Tuesday, August 5, 2008

Review - Street Kings

A veteran vice cop, Tom Ludlow, has to decipher through a web of deceit and secrets to uncover the truth of his ex-partner's murder that he may be implicated in. Officer Ludlow must go deeper than he has been before and uncover truth about the cops he has surrounded himself with his whole career, ultimately questioning their true motives.

This gritty cop drama is directed by Daid Ayer (Harsh Times), and does its best job taking the viewer through the various riddled plot twists in the film. The cunning tale is heavy on violence and gun play, and has a strong script that helps to make it overall an enjoyable ride. The film is very dark in nature, moves at a great pace, and all of the performances are very strong adding to it's likability. Overall Street Kings exceeded beyond my expectations, which were low going in.

Keanu Reeves delivers a very typical performance in Street Kings, and feels very much at home as the grizzled detective. I have come to get very use to Keanu's low and mono-tone delivery, but here it works quite well with his character. Tom Ludlow is a very weary veteran cop, who has lost his wife in an un-closed case, and spends most of his time drinking. Call me crazy, but Keanu Reeves reminds me of Clint Eastwood! They both have they mono-tone deliveries and are great as badass cops!
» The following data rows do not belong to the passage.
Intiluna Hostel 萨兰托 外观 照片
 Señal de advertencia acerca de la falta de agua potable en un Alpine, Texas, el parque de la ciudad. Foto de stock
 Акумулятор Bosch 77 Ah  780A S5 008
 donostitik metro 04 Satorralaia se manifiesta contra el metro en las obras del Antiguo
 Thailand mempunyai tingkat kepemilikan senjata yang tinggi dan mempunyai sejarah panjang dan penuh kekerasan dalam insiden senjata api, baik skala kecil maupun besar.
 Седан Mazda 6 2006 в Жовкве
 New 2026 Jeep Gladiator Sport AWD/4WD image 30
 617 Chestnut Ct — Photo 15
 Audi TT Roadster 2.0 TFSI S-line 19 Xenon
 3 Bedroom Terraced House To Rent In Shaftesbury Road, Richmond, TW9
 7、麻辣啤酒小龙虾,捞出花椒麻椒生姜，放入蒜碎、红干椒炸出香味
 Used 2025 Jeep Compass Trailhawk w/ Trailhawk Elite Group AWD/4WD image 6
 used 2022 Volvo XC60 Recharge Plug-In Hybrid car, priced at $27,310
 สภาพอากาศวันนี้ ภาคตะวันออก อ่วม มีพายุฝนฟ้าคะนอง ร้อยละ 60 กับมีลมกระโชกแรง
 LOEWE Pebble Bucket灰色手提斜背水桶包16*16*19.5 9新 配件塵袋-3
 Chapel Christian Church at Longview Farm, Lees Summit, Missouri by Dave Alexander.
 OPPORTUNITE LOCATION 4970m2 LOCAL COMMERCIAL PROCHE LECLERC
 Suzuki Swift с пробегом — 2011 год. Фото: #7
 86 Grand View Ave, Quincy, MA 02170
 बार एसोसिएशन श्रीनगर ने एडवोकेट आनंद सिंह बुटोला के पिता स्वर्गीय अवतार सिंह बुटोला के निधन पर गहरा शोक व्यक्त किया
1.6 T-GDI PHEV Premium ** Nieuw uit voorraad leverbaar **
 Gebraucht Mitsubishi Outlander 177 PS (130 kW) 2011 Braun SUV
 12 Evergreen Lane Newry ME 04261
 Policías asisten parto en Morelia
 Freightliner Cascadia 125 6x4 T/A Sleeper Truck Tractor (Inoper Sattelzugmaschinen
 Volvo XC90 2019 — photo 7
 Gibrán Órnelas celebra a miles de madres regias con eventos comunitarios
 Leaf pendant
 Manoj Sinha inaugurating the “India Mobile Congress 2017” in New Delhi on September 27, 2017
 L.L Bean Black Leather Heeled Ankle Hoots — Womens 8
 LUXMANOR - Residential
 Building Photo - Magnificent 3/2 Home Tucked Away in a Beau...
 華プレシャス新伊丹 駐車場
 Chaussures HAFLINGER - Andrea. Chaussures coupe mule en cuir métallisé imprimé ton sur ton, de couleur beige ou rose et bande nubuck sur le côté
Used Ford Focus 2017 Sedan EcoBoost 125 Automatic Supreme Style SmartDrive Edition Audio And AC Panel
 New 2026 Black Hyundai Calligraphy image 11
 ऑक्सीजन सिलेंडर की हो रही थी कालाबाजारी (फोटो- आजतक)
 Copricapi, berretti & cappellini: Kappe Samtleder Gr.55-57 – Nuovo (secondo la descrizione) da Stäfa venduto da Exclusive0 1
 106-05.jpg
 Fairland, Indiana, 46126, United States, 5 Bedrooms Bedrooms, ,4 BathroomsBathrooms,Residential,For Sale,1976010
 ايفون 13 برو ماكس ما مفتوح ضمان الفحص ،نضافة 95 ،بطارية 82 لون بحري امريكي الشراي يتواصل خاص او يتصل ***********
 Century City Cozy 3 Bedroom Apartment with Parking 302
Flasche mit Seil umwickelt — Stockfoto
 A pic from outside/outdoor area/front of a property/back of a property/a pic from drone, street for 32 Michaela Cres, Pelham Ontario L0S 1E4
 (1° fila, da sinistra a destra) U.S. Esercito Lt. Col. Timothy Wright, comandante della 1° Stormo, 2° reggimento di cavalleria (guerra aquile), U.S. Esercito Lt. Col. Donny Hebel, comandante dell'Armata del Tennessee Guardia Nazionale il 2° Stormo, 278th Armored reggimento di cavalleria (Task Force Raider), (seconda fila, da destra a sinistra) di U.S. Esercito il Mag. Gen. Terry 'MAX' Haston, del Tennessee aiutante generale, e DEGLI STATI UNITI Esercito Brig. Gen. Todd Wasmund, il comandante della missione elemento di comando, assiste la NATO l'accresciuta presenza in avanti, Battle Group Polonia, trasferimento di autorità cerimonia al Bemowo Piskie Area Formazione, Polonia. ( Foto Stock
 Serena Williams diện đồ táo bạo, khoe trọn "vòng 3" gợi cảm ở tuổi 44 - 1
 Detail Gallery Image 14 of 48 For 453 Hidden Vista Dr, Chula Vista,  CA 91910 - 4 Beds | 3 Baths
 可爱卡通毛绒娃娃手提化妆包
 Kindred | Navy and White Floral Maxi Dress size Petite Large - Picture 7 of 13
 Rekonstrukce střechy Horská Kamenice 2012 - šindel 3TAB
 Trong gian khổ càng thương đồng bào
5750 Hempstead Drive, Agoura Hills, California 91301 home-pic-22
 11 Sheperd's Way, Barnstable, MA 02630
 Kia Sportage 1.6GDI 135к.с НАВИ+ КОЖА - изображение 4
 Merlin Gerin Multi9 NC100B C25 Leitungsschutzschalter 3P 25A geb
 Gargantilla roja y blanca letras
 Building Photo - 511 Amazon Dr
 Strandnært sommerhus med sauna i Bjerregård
Chris Evans is starting to impress me! His work in Sunshine and here in Street Kings, is very good! He plays detective Paul Diskant, who is assinged to Ludlow's ex-partners murder. Evans and Reeves teamup to try and uncover just what occured and what triggered the shooting. The two play nicely off-eachother and provide a believable partner situation. Hugh Laurie (HOUSE M.D.) plays Internal Affairs Captain James Biggs, who is very similar to Laurie's character on House, with his long-winded and insightful monologues. Laurie who I normal don't like, had a very layered character who seems to pop-up in the most inopportune times, and I really enjoyed his scenes with Reeves. Forset Whitaker also delivers a stunning performance as the Captain to the Vice squad Reeves belongs to. Whitaker is always good and never seems to disappoint.

The violence and script are very strong in this film and ultimately made me give it good marks. Cop dramas, can sometime feel like a dime a dozen, but Street Kings stands out. It doesn't go too far out on a ledge with the story and remains fairly grounded in reality. Set in the Los Angeles backdrop everything felt very real and done with a dark edge that made the film gritty and memorable. This is Ayer's second attempt at a cop drama and he does a far better job with Street Kings. Street Kings has an intense feel to it that keeps the veiwer enthralled throughout, where Harsh Times lost the viewer fairly quickly. Finally, Street Kings is a strong and twist filled drama, which doesn't shy away from violence, and keeps you tied in until the explanation filled finale.